About EC2
EC2 is Amazon's cloud service, based on a Xen dom0 compute environment. It uses a modified early early Xen environment. To do local testing the closest environment is CentOS 5.0.
Preparations
Signing up
You need an Amazon account in order to use Amazon EC2 etc. Go to Amazon web service page, and click on the sign up and follow through. They will want your credit card (yes your own personal CC for billing) and will require a valid phone number and email address. The phone number will be verified by calling you back (a robot calls you and asks for the 4 digit pin currently on your screen) or sending you a text message with a pin you must enter to complete your sign up.

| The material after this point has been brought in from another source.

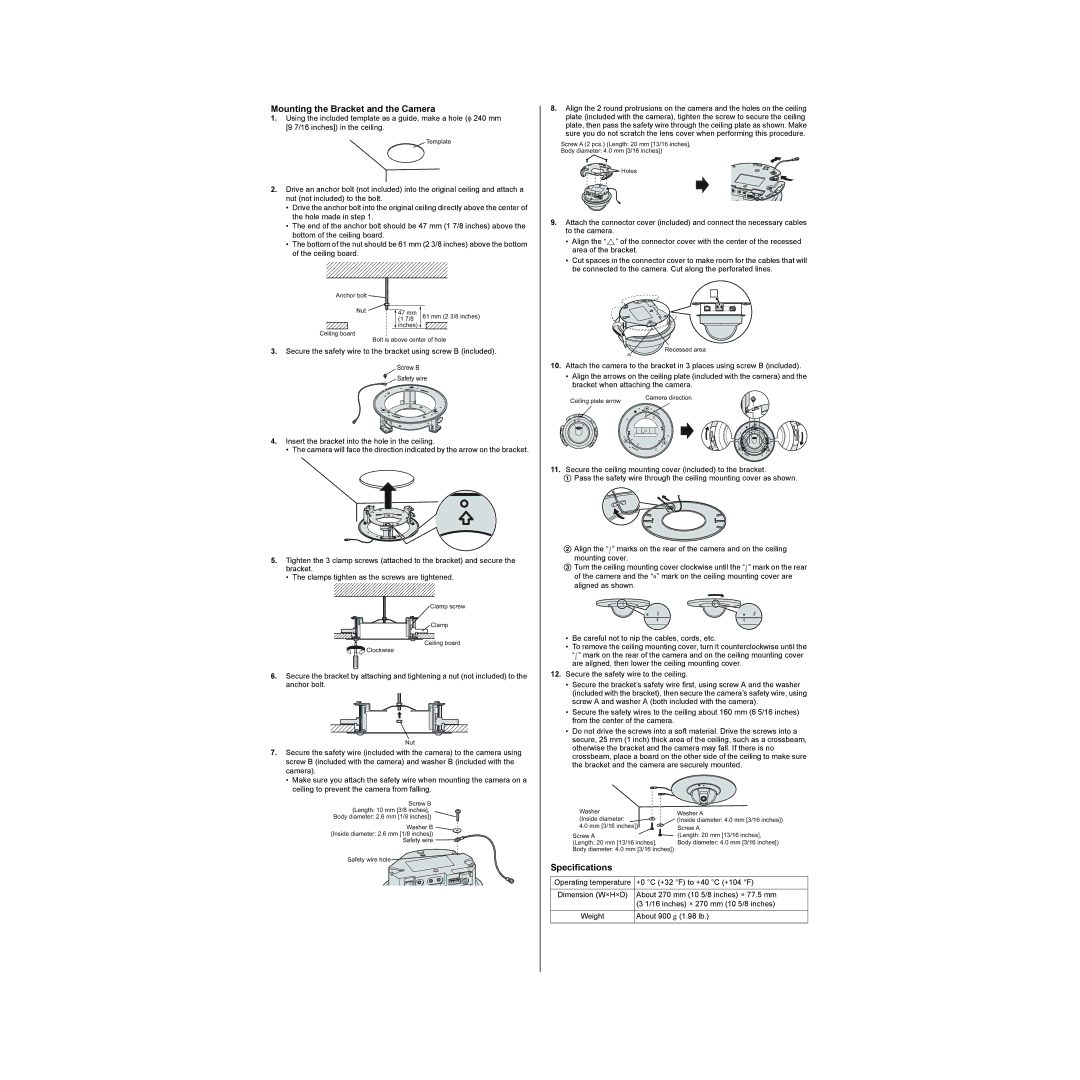 Panasonic BB-HCA10A manual Mounting the Bracket and the Camera, Specifications 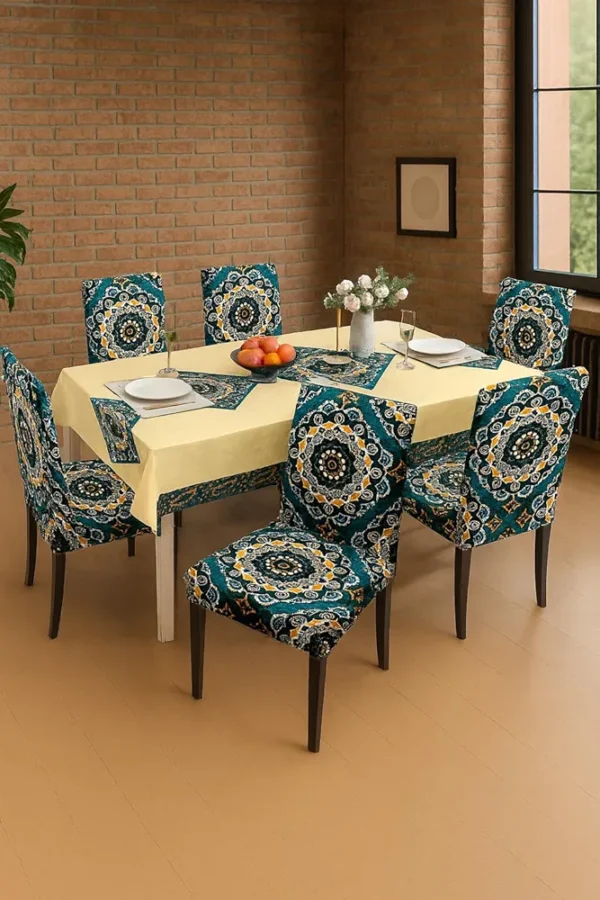 Dining Chair Covers with Waterproof PVC Table Cloth Set – Multicolor, 1 Table Cover + 6 Chair Covers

Security Groups -- firewalling for your instances
Before you start your first instance you will need to set up your security domain. The default security does not allow your new instances to accept SSH connections. In the main web interface https://console.aws.amazon.com/ec2/home select Security Groups, then tick the tickbox next to the default group. This will display a new pane at the bottom of the window (often so small it just looks like a title), pull the separator bar up and you can see which ports are allowed. Select 'SSH' and 'TCP' in the bottom row and click Add. Now all new instances will use this new security domain and have SSH enabled.
How much will it Cost?
That varies based off of region, zone, instance size, number of instances, compute cycles used, time left running, amount of data transfered (and whether its between regions, zones or internet in general), and ebs storage used. Basically go read Amazons documentation.
It isn't "cheap", it will only cost a few cents to boot and play around with and image, but it can add up fairly fast. Basically the general rule of thumb is real hardware is cheaper as long as it is being utilized. Where EC2 is cheaper is it is flexible so that you can scale up as needed, which can be cheaper than purchasing and maintaining hardware for peak loads.
Basic Terminology
- paravirtualized (pv-ops) - A specially modified kernel that makes up calls to the hyperviser for certain privileged operations and IO instead of being full virtualization. For the purposes of EC2 we use pv-ops to specifically refer to the newer upstream based pv-ops kernels, and Xen to reffer to the older full Xen patchset based kernels.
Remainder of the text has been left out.